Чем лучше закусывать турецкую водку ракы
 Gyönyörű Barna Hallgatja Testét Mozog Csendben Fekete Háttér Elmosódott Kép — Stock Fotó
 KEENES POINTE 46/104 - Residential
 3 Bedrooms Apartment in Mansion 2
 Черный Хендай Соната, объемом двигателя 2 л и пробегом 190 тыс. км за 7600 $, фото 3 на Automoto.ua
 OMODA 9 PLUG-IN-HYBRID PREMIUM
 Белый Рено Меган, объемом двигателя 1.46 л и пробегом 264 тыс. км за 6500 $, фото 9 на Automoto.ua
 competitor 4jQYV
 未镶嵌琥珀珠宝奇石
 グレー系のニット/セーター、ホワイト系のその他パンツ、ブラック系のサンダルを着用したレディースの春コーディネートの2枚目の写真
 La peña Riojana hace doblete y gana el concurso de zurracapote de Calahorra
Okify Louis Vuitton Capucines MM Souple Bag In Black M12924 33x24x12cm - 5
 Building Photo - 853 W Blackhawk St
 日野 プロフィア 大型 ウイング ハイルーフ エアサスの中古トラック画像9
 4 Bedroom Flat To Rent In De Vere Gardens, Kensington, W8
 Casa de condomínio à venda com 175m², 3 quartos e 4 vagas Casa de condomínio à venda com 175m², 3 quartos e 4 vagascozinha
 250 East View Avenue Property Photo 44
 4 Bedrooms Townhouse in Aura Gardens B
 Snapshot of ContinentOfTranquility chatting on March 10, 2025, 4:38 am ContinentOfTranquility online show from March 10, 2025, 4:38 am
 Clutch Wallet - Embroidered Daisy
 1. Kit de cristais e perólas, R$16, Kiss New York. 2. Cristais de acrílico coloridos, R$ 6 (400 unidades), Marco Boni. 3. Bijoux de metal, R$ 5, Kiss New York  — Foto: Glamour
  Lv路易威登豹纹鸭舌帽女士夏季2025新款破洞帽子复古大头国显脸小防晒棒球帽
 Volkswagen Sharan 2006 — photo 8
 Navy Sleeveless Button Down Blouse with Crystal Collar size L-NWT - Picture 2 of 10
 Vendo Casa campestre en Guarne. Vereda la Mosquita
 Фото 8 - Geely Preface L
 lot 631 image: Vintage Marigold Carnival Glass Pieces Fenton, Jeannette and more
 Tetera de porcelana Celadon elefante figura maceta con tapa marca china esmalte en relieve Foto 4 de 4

* * * *

**ACTIVITY:** In the records above, find each line that mentions the string "двигателя", then copy it.

**TASK SOLUTION:**
 Черный Хендай Соната, объемом двигателя 2 л и пробегом 190 тыс. км за 7600 $, фото 3 на Automoto.ua
 Белый Рено Меган, объемом двигателя 1.46 л и пробегом 264 тыс. км за 6500 $, фото 9 на Automoto.ua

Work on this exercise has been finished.